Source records
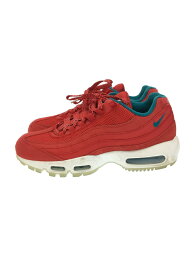 【中古】NIKE◆AIR MAX 95 UTILITY NRG/27.5cm/RED【シューズ】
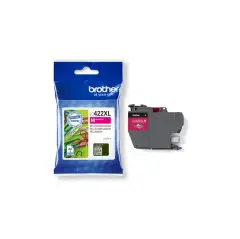 Brother High Capacity Magenta Ink Cartridge 1.5k pages - LC422XLM Image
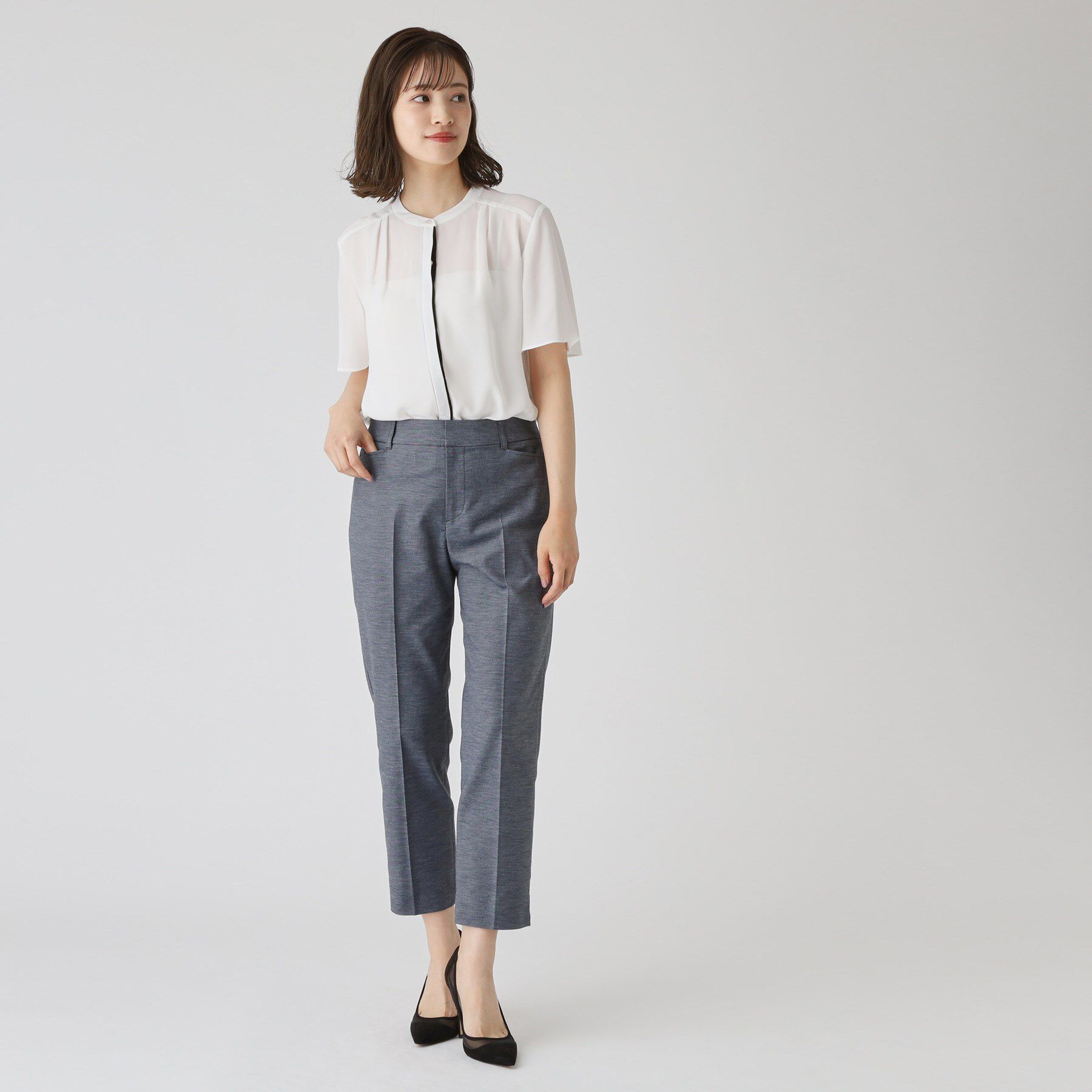 COUP DE CHANCE「【洗える】テーパードパンツ」|その他|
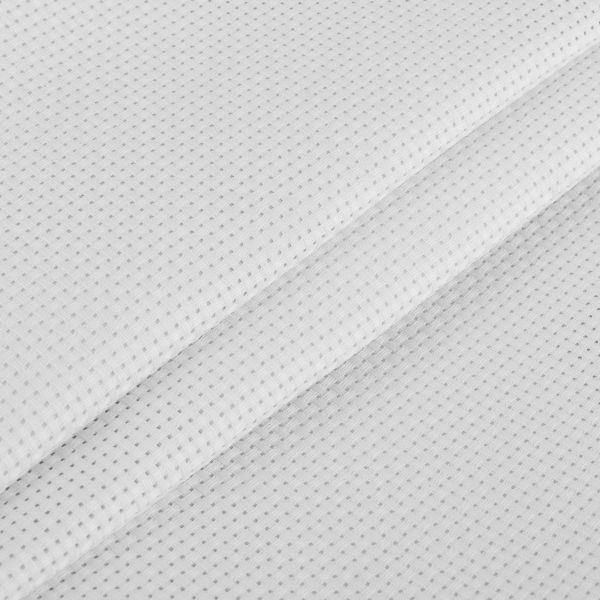 Канва Aida 11 ct, 50х50±2 см, белый, Gamma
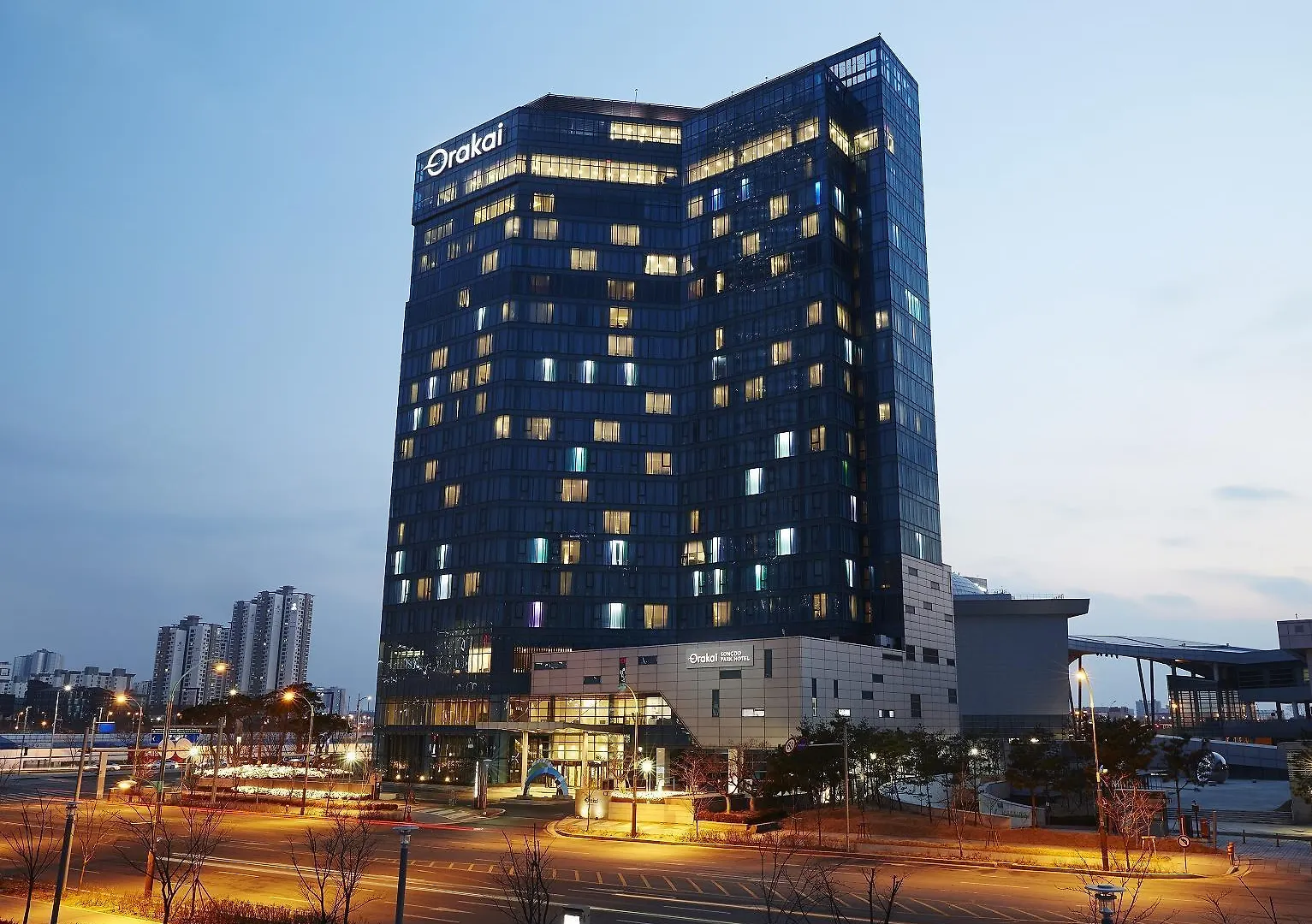 Orakai Songdo Park Hotel Incheon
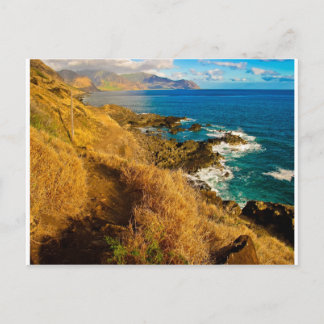 Postal Postcarta de la senda sur de Keana Point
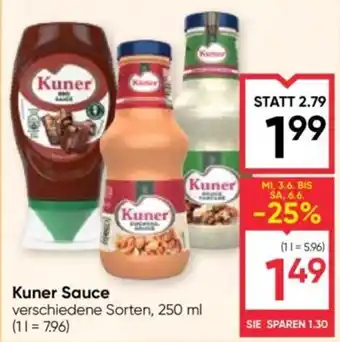 Maximarkt Kuner Sauce Angebot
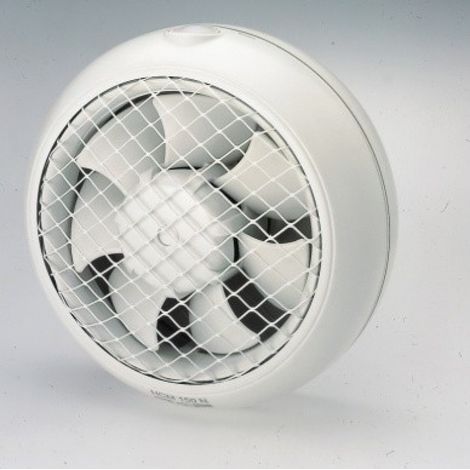 Extractor cocina helicoidal 150mm pared cristal s&p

TASK REQUIREMENTS |
Repeat each line above exactly as it reads, omitting any pictures.

EXERCISE ANSWER |
 【中古】NIKE◆AIR MAX 95 UTILITY NRG/27.5cm/RED【シューズ】
 Brother High Capacity Magenta Ink Cartridge 1.5k pages - LC422XLM Image
 COUP DE CHANCE「【洗える】テーパードパンツ」|その他|
 Канва Aida 11 ct, 50х50±2 см, белый, Gamma
 Orakai Songdo Park Hotel Incheon
 Postal Postcarta de la senda sur de Keana Point
 Maximarkt Kuner Sauce Angebot
 Extractor cocina helicoidal 150mm pared cristal s&p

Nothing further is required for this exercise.